• [What the task asks]
The required answer is an exact copy of every entry underneath.
Task input: Begin
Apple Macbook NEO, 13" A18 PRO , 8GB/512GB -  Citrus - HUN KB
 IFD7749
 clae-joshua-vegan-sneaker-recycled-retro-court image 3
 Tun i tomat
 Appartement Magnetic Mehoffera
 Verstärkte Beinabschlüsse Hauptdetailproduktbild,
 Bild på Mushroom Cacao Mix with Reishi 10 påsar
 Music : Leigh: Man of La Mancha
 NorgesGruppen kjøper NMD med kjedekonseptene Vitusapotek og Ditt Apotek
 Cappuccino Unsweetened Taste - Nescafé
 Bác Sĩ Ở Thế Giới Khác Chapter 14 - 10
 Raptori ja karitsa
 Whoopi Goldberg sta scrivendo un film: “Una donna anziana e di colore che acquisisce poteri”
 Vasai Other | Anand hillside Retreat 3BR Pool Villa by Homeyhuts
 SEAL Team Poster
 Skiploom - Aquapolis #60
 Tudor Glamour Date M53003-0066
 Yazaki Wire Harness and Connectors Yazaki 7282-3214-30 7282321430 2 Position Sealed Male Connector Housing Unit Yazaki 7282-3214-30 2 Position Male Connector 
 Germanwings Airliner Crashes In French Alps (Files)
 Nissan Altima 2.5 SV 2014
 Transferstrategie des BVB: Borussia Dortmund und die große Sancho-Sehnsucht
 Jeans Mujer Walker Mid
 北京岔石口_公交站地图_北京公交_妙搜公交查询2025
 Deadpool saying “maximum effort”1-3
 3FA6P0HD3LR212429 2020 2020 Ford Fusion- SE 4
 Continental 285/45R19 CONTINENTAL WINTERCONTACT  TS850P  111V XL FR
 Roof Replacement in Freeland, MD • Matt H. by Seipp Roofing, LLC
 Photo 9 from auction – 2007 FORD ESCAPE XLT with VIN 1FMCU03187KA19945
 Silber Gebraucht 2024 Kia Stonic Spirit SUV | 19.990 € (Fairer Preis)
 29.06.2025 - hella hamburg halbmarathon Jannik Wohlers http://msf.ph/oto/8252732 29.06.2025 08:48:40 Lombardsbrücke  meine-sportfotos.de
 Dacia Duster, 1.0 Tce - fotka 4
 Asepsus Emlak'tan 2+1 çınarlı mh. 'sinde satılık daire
Task input: End
• [Task response]
Apple Macbook NEO, 13" A18 PRO , 8GB/512GB -  Citrus - HUN KB
 IFD7749
 clae-joshua-vegan-sneaker-recycled-retro-court image 3
 Tun i tomat
 Appartement Magnetic Mehoffera
 Verstärkte Beinabschlüsse Hauptdetailproduktbild,
 Bild på Mushroom Cacao Mix with Reishi 10 påsar
 Music : Leigh: Man of La Mancha
 NorgesGruppen kjøper NMD med kjedekonseptene Vitusapotek og Ditt Apotek
 Cappuccino Unsweetened Taste - Nescafé
 Bác Sĩ Ở Thế Giới Khác Chapter 14 - 10
 Raptori ja karitsa
 Whoopi Goldberg sta scrivendo un film: “Una donna anziana e di colore che acquisisce poteri”
 Vasai Other | Anand hillside Retreat 3BR Pool Villa by Homeyhuts
 SEAL Team Poster
 Skiploom - Aquapolis #60
 Tudor Glamour Date M53003-0066
 Yazaki Wire Harness and Connectors Yazaki 7282-3214-30 7282321430 2 Position Sealed Male Connector Housing Unit Yazaki 7282-3214-30 2 Position Male Connector 
 Germanwings Airliner Crashes In French Alps (Files)
 Nissan Altima 2.5 SV 2014
 Transferstrategie des BVB: Borussia Dortmund und die große Sancho-Sehnsucht
 Jeans Mujer Walker Mid
 北京岔石口_公交站地图_北京公交_妙搜公交查询2025
 Deadpool saying “maximum effort”1-3
 3FA6P0HD3LR212429 2020 2020 Ford Fusion- SE 4
 Continental 285/45R19 CONTINENTAL WINTERCONTACT  TS850P  111V XL FR
 Roof Replacement in Freeland, MD • Matt H. by Seipp Roofing, LLC
 Photo 9 from auction – 2007 FORD ESCAPE XLT with VIN 1FMCU03187KA19945
 Silber Gebraucht 2024 Kia Stonic Spirit SUV | 19.990 € (Fairer Preis)
 29.06.2025 - hella hamburg halbmarathon Jannik Wohlers http://msf.ph/oto/8252732 29.06.2025 08:48:40 Lombardsbrücke  meine-sportfotos.de
 Dacia Duster, 1.0 Tce - fotka 4
 Asepsus Emlak'tan 2+1 çınarlı mh. 'sinde satılık daire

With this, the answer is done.